# WORK ITEM:
Please return each entry exactly as it appears, but not the pictures.

# RECORDED DATA:

--- START ---

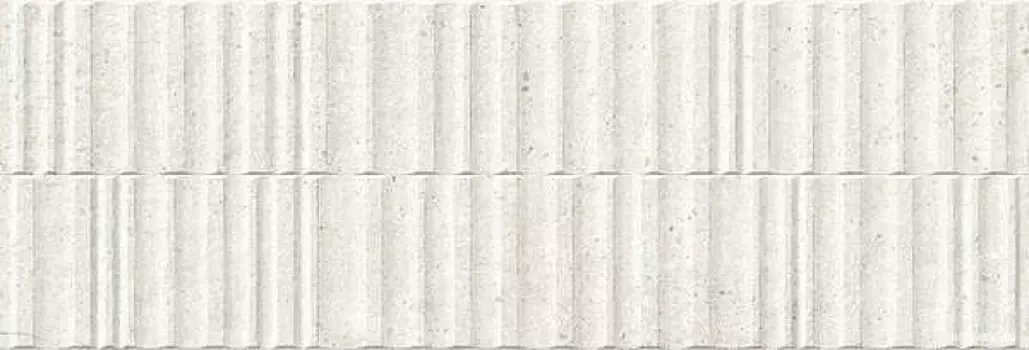 Керамическая плитка Peronda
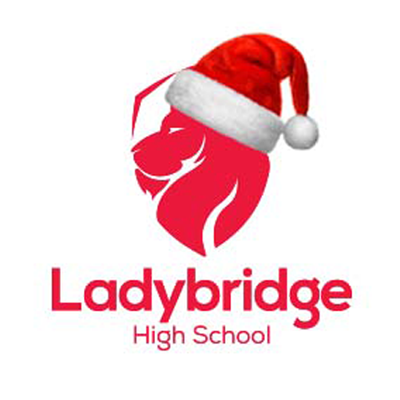 LadybridgeHigh's profile picture. Official Twitter account for Ladybridge High School
The Ladybridge Trivium - Knowledge, Exploration, Communication
https://t.co/nBKTrBcBqw
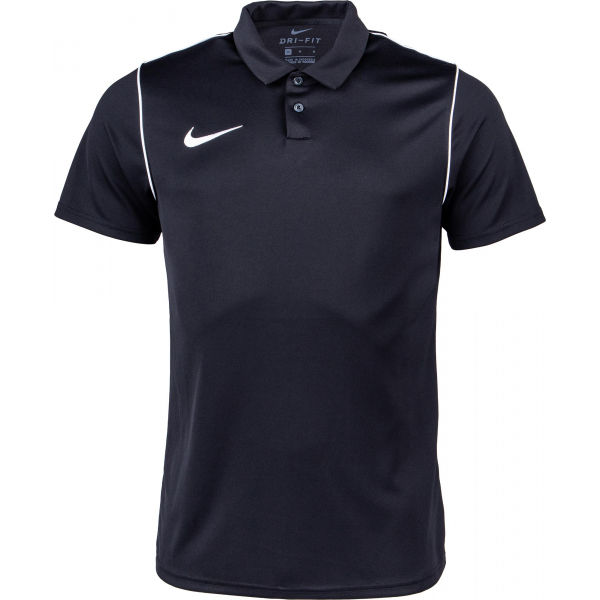 Nike DRY PARK20 POLO M  XL - Pánské polotričko Nike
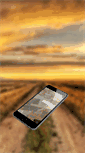 Mobile Preview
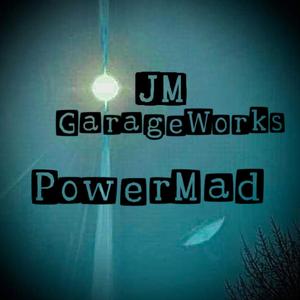 PowerMad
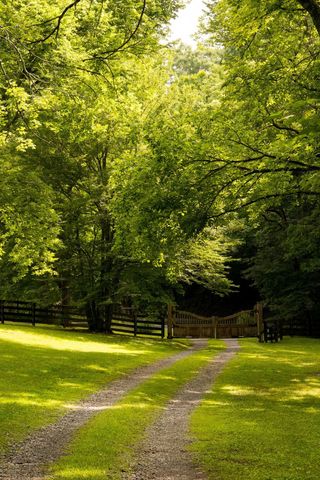 3709 Mobleys Cut Rd, Thompsons Station, TN 37179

--- END ---

# COMPLETED EXERCISE:
 Керамическая плитка Peronda
 LadybridgeHigh's profile picture. Official Twitter account for Ladybridge High School
The Ladybridge Trivium - Knowledge, Exploration, Communication
https://t.co/nBKTrBcBqw
 Nike DRY PARK20 POLO M  XL - Pánské polotričko Nike
 Mobile Preview
 PowerMad
 3709 Mobleys Cut Rd, Thompsons Station, TN 37179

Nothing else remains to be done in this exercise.